I really would like to do things right from the start so in a few years I won't end up with a slow website. Thank you for your time.

Best Answer

Is there really a limit to that design and if yes, how can it be dealt with? 1.1. If the select query on votes table will be getting slower, what can I do to speed it up?

I don't think the number of votes is likely to be the problem. The questions will have to do in part with questions of how well you can index, how your db does caching, etc. Standard performance tuning applies and that isn't really your design per se. I will answer more below on what to consider if you run into the wall of being unable to get your design to work fast enough.

Is there a better way to design this kind of relations?

Not really.

How do I cache that data? Or is that even needed with proper indexing?

My preference in this case would be to start out without caching, and then to implement a caching layer when you need one. A caching layer might include something like memcached, or you could build one on a NoSQL solution like Mongo. At that point you can look at optimizing the areas which are the largest problems.

What kind of indexes would you recommend for the votes table? Am I correct that I need a simple double-field index (user_id, content_id)?

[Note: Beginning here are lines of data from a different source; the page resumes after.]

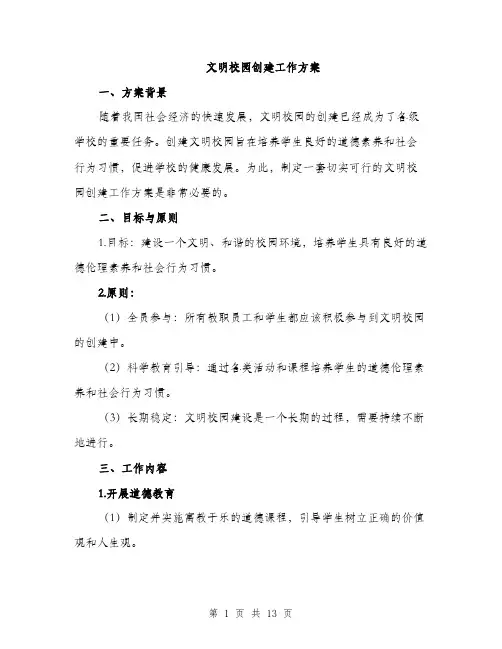 文明校园创建工作方案（3篇）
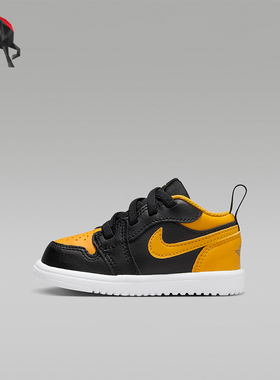 Nike/耐克正品Air Jordan小童耐磨透气休闲运动鞋DR9747-072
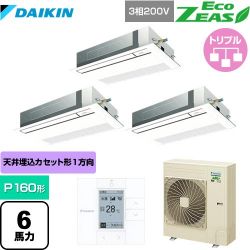 ダイキン EcoZEAS エコジアス 業務用エアコン SZRK160BYM-F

I know that MySQL and PostgreSQL are different enough to make cross-db somewhat dangerous here but I am thinking you'd want two indexes, one on content_id and one on user_id. I am thinking this because aggregating by user_id and content_id are likely to be different queries and these are different join conditions.

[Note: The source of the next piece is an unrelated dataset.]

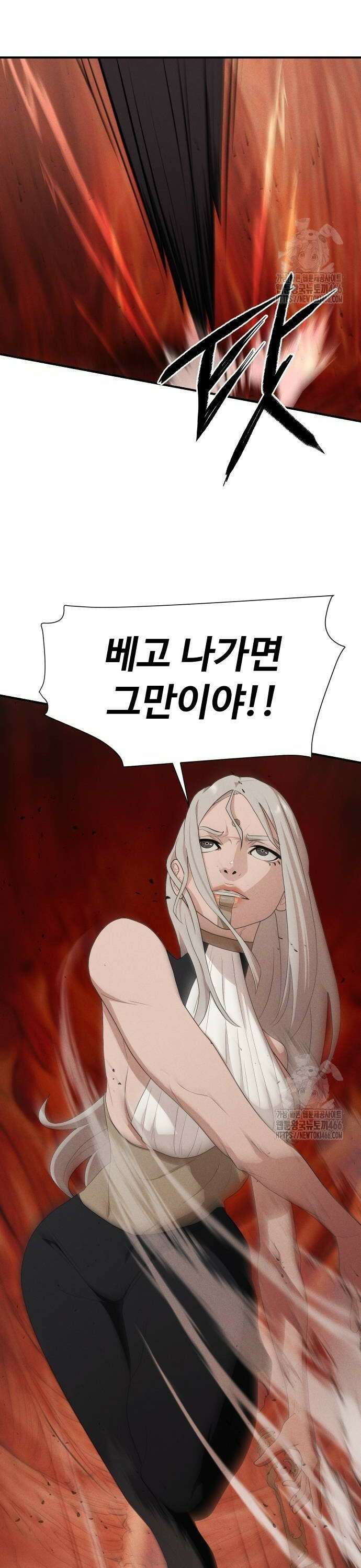 보이드맨 27화 4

Most of the load will go on recent content pieces, maybe I should create something like recent_votes table, which will hold duplicate data, but only for the last say 24 hours and most load will go on it, and if user wants some data that is older, he will work with much bigger and slower table with all votes? Does that make any sense?

Keep in mind that db's frequently do a good job of caching recent content pieces. I would expect that MySQL can do this too. If it can't go with PostgreSQL instead. Don't cache it yourself in the db.

what to do if you hit the wall will depend on your DB choice. If you are using MySQL, your traditional answer is to look at something like memcached or create a caching layer in a NoSQL db. If you are using PostgreSQL, you get those choices plus something like Postgres-XC which gives you an ability to do teradata-style scaling out and clustering in OLTP environments.